Six signature traits of inclusive leadership
In a volatile and complex world, predicting the future with precision is a risky business.
Understanding and being adept at inclusive leadership will help leaders thrive in their increasingly diverse environment.
This article is intended to help leaders think about how traditional notions of leadership must change.
It is structured in three parts.
The first part describes the shifts elevating the importance of inclusive leadership – the ‘Why care?’ aspect.
The second part elaborates the six signature traits of an inclusive leader.
The article is concluded by highlighting key strategies that will help organisations to cultivate inclusive capabilities across their leadership population.
A new world
Global mega-trends are creating a business context that is far less homogenous and much more diverse than has historically been the case.
These interrelated shifts are influencing business priorities and reshaping the capabilities required of leaders to succeed in the future.
Below are the trends elevating the importance of inclusive leadership.
1. Diversity of markets
Markets are characterised by significant cultural, political and economic differences.
As income levels rise, so does consumer demand.

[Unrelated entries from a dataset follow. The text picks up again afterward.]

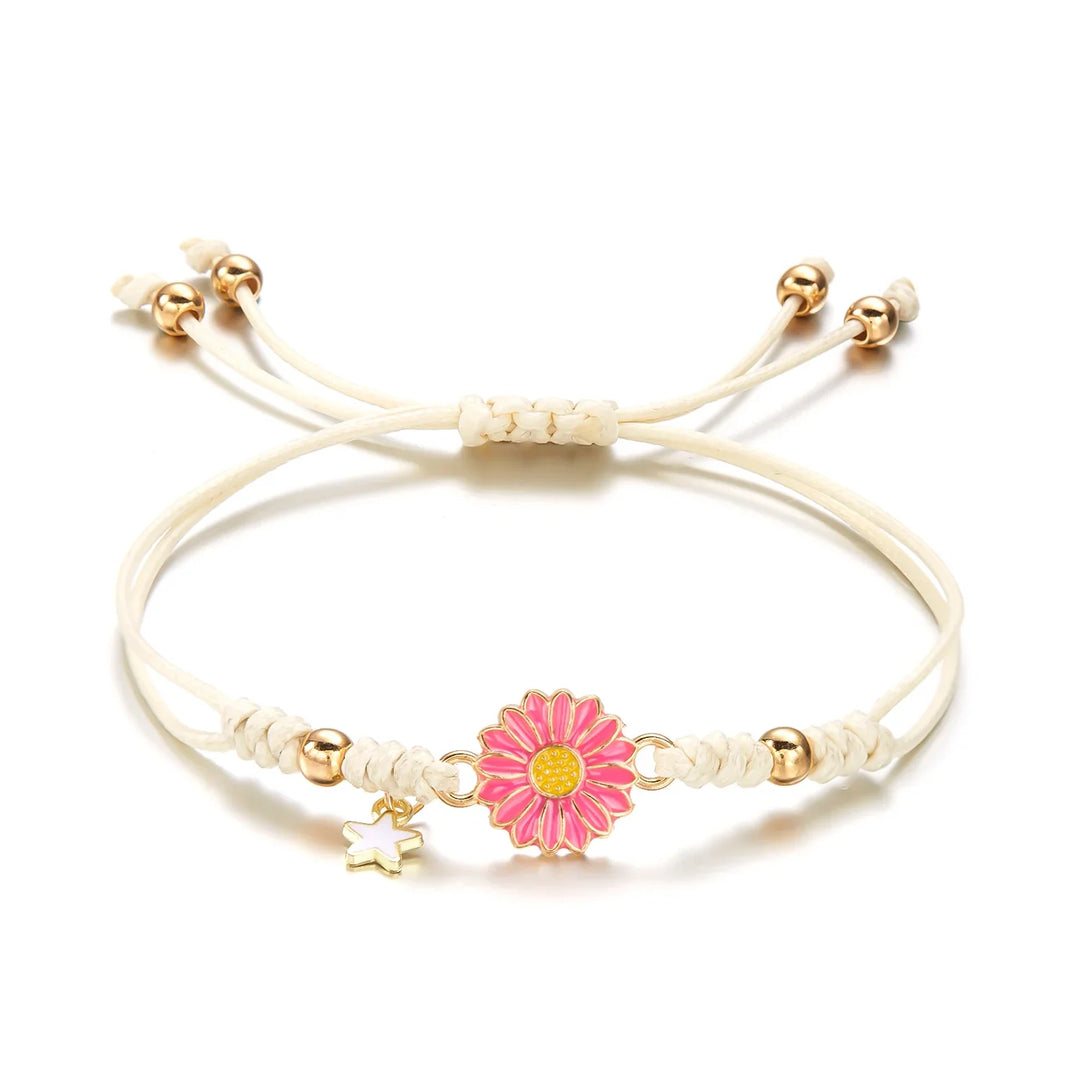 Skanto | Fléttet Feminin Blomster Stjerne Armbånd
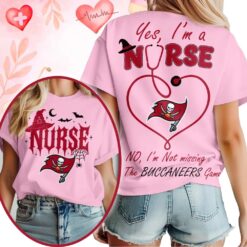 Tampa Bay Buccaneers NFL Night Shift Never Misses Game Day Halloween Nurse Unisex 3D Shirt, NFL Sporty Shirt Tampa Bay Buccaneers Nfl Night Shift Never Misses Game Day Halloween Nurse Unisex 3D Shirt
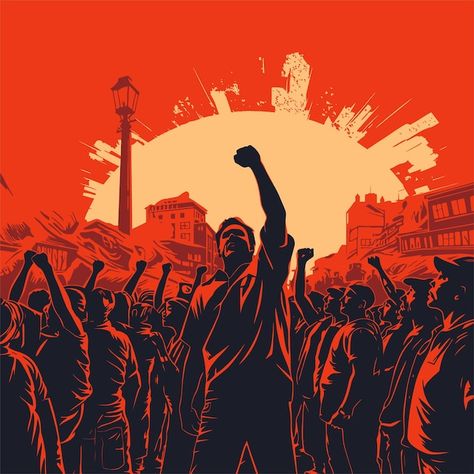 Digital Revolution Art, Politikus Art, Bangladesh Student Protest, Student Union Design, Pubmats Ideas, Liberation Art, Revolution Design, Refugees Art, Labor Rights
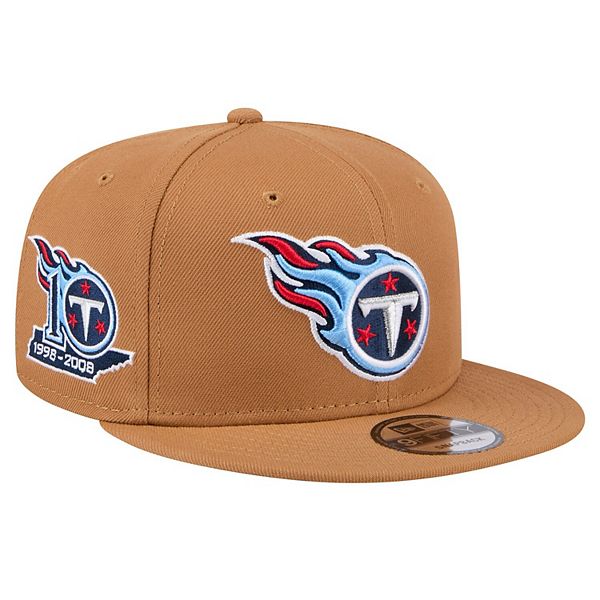 Детская кепка Tennessee Titans 9FIFTY Snapback с логотипом и юбилейным патчем New Era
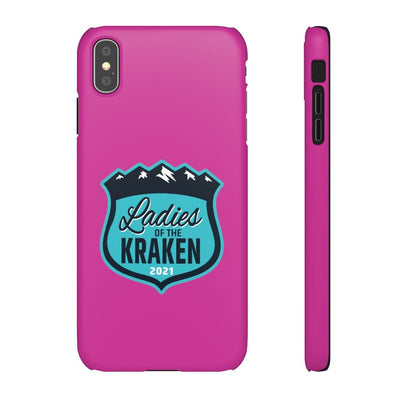 Phone Case Ladies Of The Kraken Snap Phone Cases In Hot Pink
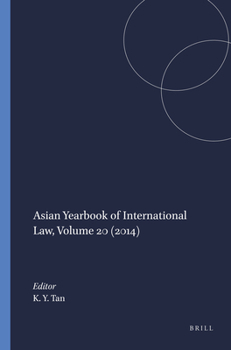 Hardcover Asian Yearbook of International Law, Volume 20 (2014) Book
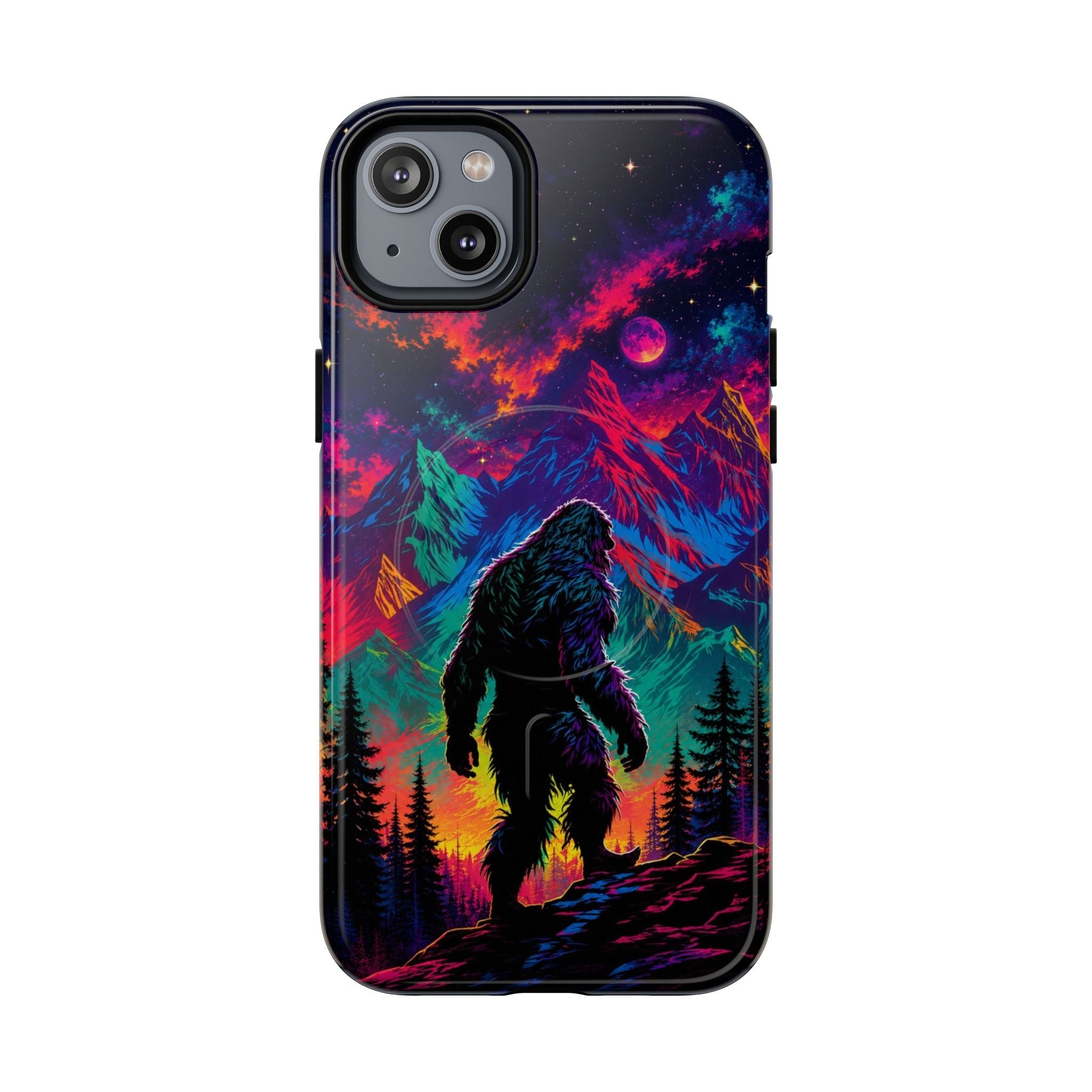 NEON WILDERNESS BIGFOOT MAGNETIC PHONE CASE   - TLHN1905264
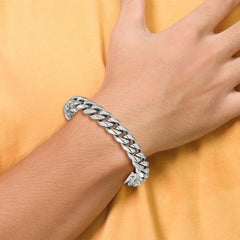 Chisel Stainless Steel Polished 12mm 8.25 inch Link Bracelet SRB3292-8.25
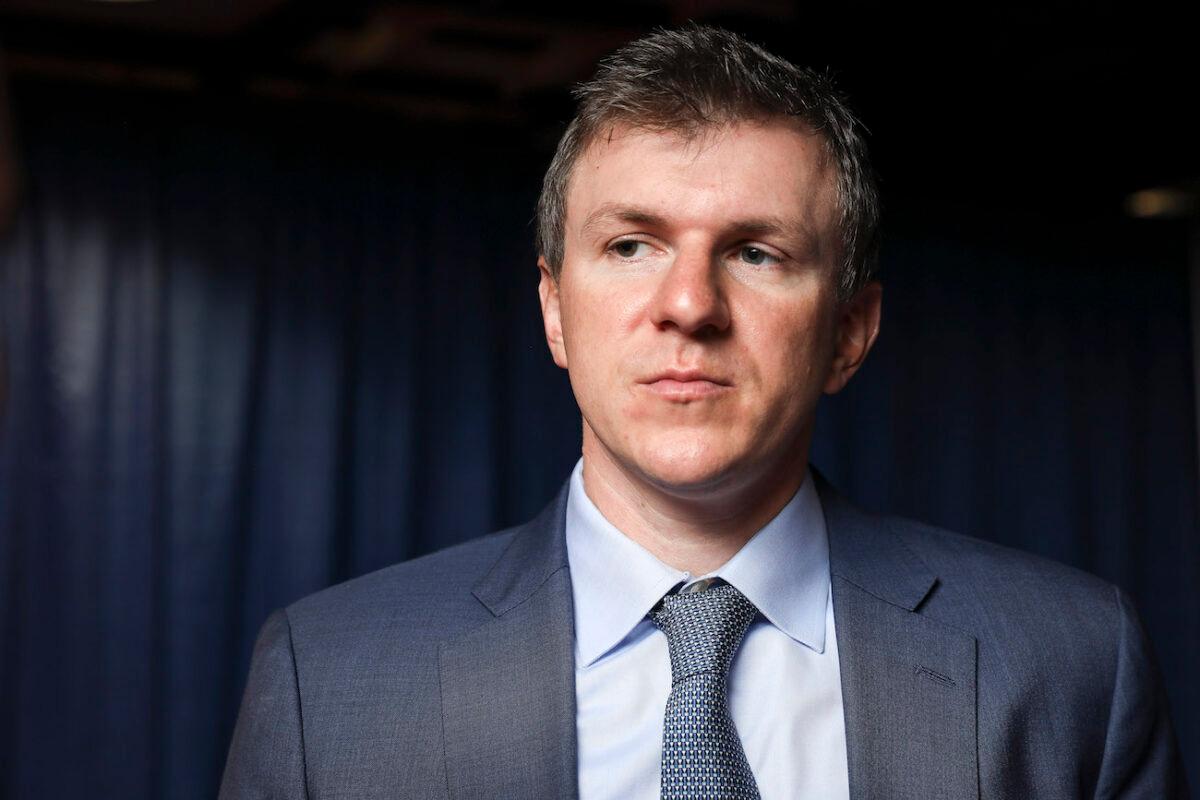 James O'Keefe, founder Project Veritas, is seen at the Values Voter Summit in Washington on Oct. 12, 2019. (Samira Bouaou/The Epoch Times)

Organisations need to understand their market environment and strategize on the best approach to operate in the various markets.
2. Diversity of customers
To remain competitive in this environment, organisations have realised, customer centricity is paramount.
Customer promises are being written into vision statements.
As operating models are being redesigned to ensure that customers are at the heart of the business, the role of the ‘chief customer officer’ has also been created and elevated to the executive team.
3. Diversity of ideas
In the race for new ideas, diversity of thinking is gaining prominence as a strategy to protect against ‘groupthink’ and generate breakthrough insights.
However, while many agree intellectually that collective intelligence enhances group performance, few understand how to consistently achieve it with any degree of specificity.
Diversity of markets, customers, ideas, and talent is driving the need for inclusion as a new leadership capability.
Here are six traits of leaders who display the ability to not only embrace individual differences, but to potentially leverage them for competitive advantage.
Trait 1: Commitment
Highly inclusive leaders are committed to diversity and inclusion because these objectives align with their personal values and because they believe in the business case.
Being inclusive of diversity is a big challenge.
It takes time and energy; two of a leader’s most precious commodities.
The primary motivation for pursuing diversity and inclusion is aligned with leaders’ personal values and a deep-seated sense of fairness.
More than just talking, when leaders prioritise time, energy, and resources to address inclusion, it signals that a verbal commitment is a true priority.
Trait 2: Courage
Highly inclusive leaders speak up and challenge the status quo, and they are humble about their strengths and weaknesses.
For leaders, they need to make a decision as to whether they dig in and entrench as they are, or recognize the world as it will become, and be part of the change. The courage to speak up; to challenge others and the status quo, is a central behavior of an inclusive leader.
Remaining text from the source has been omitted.